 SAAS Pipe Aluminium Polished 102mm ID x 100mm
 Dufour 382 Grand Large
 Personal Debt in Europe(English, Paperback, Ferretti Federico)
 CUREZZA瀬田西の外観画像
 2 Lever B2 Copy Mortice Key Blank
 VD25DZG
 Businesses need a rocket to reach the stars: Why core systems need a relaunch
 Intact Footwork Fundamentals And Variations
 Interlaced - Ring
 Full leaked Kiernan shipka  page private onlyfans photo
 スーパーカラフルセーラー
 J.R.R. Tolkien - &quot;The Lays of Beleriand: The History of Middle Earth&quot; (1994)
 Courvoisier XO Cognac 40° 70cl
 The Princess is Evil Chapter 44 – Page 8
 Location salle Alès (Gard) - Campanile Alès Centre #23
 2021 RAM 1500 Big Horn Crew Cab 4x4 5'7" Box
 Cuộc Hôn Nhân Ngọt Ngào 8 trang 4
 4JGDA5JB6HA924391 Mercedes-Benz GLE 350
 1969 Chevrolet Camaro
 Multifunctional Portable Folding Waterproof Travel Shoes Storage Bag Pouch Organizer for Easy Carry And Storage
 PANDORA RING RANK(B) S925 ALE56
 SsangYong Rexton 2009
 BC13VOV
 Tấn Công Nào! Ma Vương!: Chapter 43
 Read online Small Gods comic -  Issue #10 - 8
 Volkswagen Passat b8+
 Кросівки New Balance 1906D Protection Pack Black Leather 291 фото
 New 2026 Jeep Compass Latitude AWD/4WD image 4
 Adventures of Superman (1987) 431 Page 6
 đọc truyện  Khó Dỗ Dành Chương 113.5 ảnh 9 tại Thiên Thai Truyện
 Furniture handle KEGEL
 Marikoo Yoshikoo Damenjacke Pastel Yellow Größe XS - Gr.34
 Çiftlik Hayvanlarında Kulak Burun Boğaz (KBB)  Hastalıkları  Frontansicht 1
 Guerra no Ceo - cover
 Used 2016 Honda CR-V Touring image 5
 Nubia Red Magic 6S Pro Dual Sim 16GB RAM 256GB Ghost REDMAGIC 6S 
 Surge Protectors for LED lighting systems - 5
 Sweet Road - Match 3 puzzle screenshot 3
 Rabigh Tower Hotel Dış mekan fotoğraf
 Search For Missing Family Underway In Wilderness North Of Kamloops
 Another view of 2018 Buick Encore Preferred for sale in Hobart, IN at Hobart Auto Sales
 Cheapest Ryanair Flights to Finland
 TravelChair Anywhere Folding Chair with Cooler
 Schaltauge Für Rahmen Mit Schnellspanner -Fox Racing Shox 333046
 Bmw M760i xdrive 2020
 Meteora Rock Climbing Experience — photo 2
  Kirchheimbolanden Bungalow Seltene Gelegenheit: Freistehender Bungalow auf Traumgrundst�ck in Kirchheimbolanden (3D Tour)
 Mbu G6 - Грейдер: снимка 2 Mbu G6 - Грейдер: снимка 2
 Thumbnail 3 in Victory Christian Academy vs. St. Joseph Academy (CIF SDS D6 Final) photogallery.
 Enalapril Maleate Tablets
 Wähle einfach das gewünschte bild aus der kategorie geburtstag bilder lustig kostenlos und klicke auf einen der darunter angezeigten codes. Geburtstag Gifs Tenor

○ ○ ○ ○

## TASK GOAL:
Count the lines in the listing where the string "Folding" appears. Answer with the number only.

## ANSWER FOR THIS EXERCISE:
2